Biasanya lagi saya menambahkan, "Nakalnya seperti apa?" Mereka saya tanya terus hingga jawabannya yang berkaitan dengan perilaku spesifik, seperti: karena tidak badiam (diam), baku pukul (saling pukul), tidak badengar (tidak mendengarkan).  Biasanya lagi, saya menambahkan penjelasan tentang budaya kelas untuk tertib dan arahan perilaku yang sesuai dengan budaya kelas.

Diawal-awal, kursi kesadaran diri ini adalah tantangan besar, apalagi untuk anak hiperaktif macam Aidil dan Abil, kelas kecil pula. Mereka akan semena-mena keluar dari kursi kesadaran diri. Saya bahkan pernah bolak-balik sampai 10 kali untuk membuat Abil kembali ke kursinya. Lucunya, Aidil pernah keluar dari kursi dan tetiba berdiri di depan kelas berdiri satu kaki sambil menjewer kedua kupingnya.

"Kenapa Aidil?"

"Bosan Nciiii~~"

Bagi dia, menjewer kuping lebih menyenangkan. Bahkan sepertinya anak-anak ini lebih menyukai hukuman fisik macam dicubit atau dipukul oleh guru daripada diabaikan di sudut kelas. Temuan hebat lainnya, nada marah teriak-teriak akan membuat mereka bahagia sambil berhamburan lari dari kejaran guru. Dipukul tangannya sambil dimarah-marahi sepertinya sudah biasa.

"Abil, duduk."

"Bosan, Ncii~"

"Duduk dulu sampai Nci minta keluar kursi kesadaran diri."

"Torang bisa bajawab soal itu, Ncii~~" Dia menunjuk pada soal-soal matematika di papan tulis yang kewalahan dijawab teman-temannya. 

"Iya Nci tau, tapi sekarang kamu duduk dulu disini."

"Nciii~~ Beh!" Dia angkat kaki naik ke atas kursi.

Karena lelah bicara, saya menunjuk dinding dengan gestur menyuruh lalu meninggalkannya. 

Eureka!

Itu semacam menemukan harta karun ketika akhirnya Abil menurunkan kakinya, duduk tertib menghadap dinding. Gestur ternyata lebih didengar daripada perintah kata. 

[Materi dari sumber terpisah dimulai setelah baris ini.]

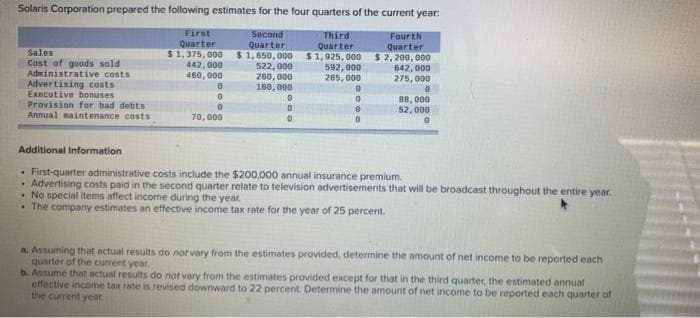 Solaris Corporation prepared the following estimates for the four quarters of the current year:
Second
Quarter
$1,650,000
522,008
Third
Quarter
$1,925,000
Fourth
Quarter
$2,200,000
260,000
160,000
Sales
Cast of goods sold
Administrative costs
Advertising costs
Executive bonuses
Provision for bad debts
Annual maintenance costs
Additional Information
First
Quarter
$ 1,375,000
442,000
460,000
0
8
0
70,000
0
0
0
592,000
265,000
0
0
542,000
275,000
0
88,000
52,000
0
. First-quarter administrative costs include the $200,000 annual insurance premium.
. Advertising costs paid in the second quarter relate to television advertisements that will be broadcast throughout the entire year.
.No special items affect income during the year.
The company estimates an effective income tax rate for the year of 25 percent.
a. Assuming that actual results do not vary from the estimates provided, determine the amount of net income to be reported each
quarter of the current year,
b. Assume that actual results do not vary from the estimates provided except for that in the third quarter, the estimated annual
effective income tax rate is revised downward to 22 percent. Determine the amount of net income to be reported each quarter of
the current year.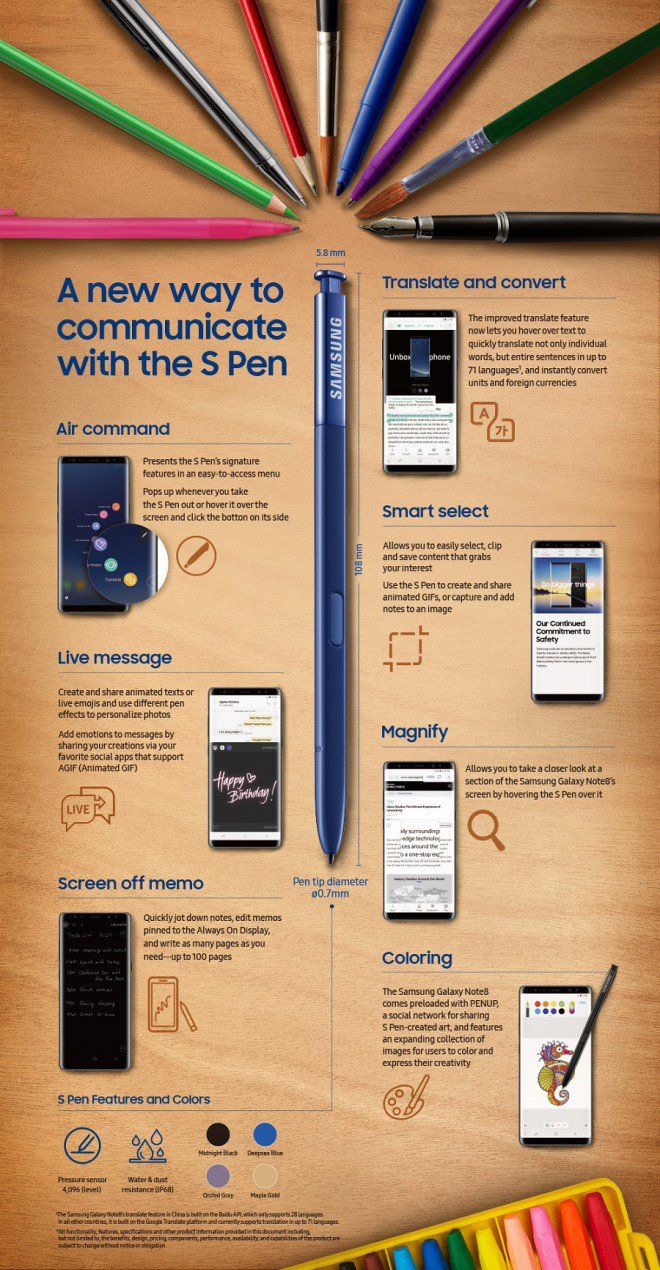 Samsung Galaxy Note 8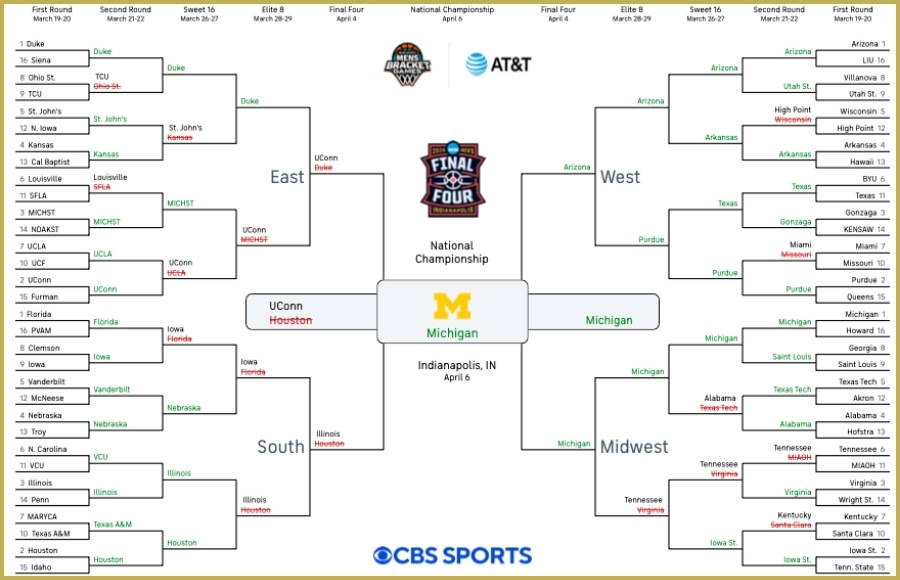 March Madness bracket of the winner of the Anderson Group's Albany Area Office Pool, men's tournament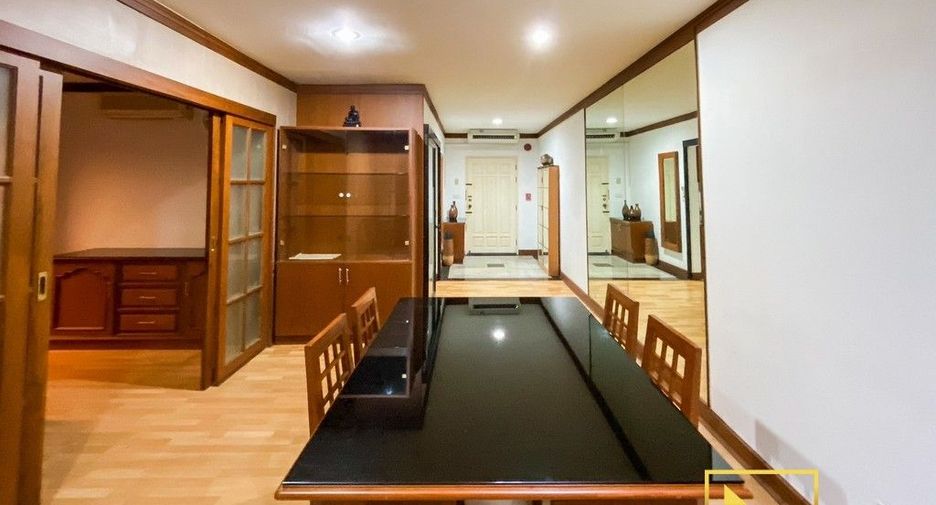 Wohnung zur Miete mit 2 Zimmer in Pathum Wan, Bangkok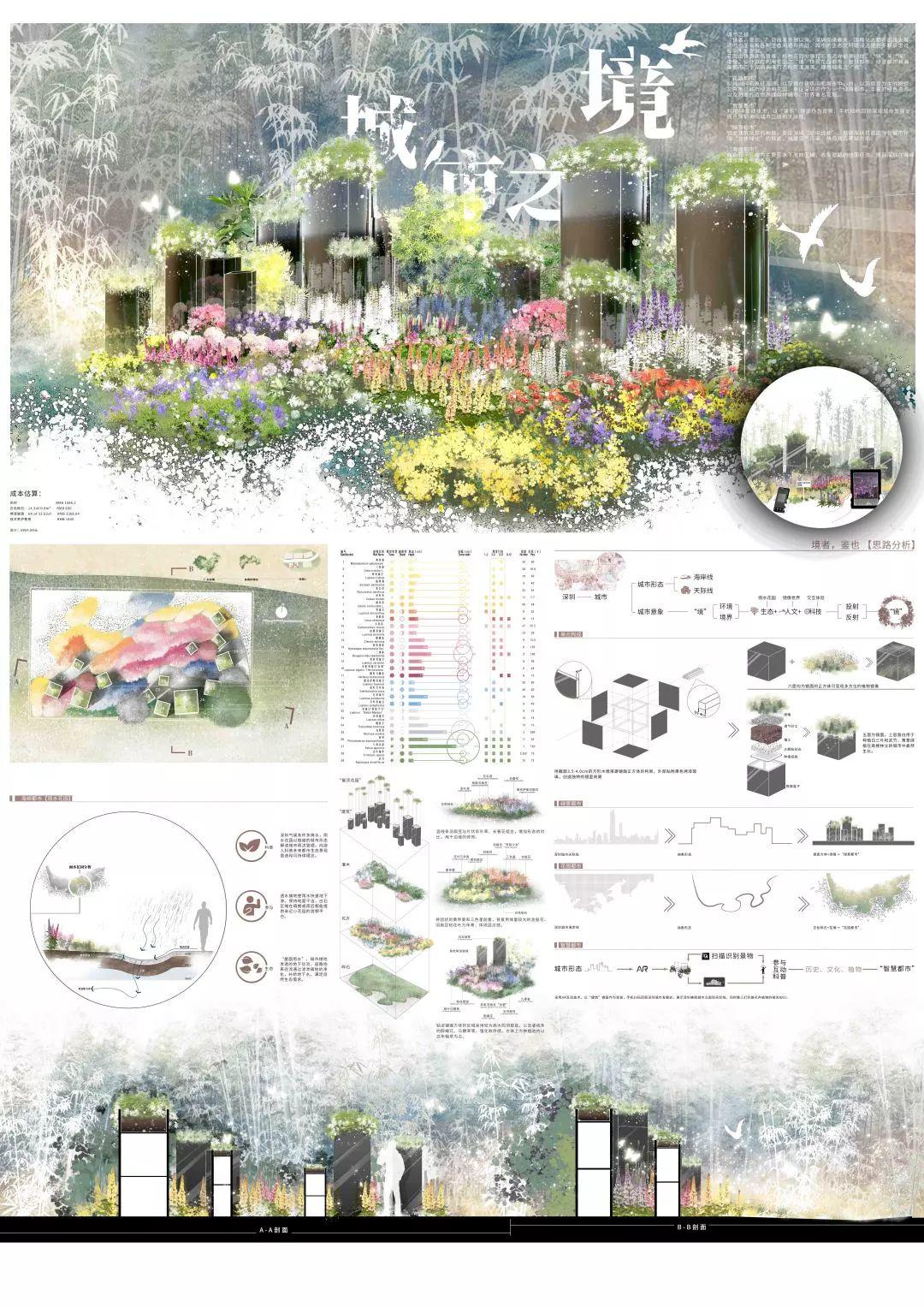 大奖花落谁家! | 2020大学生未来花园设计竞赛 大奖花落谁家! | 2020大学生未来花园设计竞赛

Di pertemuan-pertemuan berikutnya antara Abil dan kursi kesadaran diri, dia memiliki peningkatan: semakin berkurang waktunya berada dalam kursi. Bahkan ketika pelajaran pun dia yang mengingatkan harus menjaga teman dan tertib.

Well, kursi kesadaran diri ini masih berproses. Doakan saya agar bisa menularkan ini pada guru-guru lain dan membuat mereka mengganti kayu pukul menjadi kursi kesadaran diri.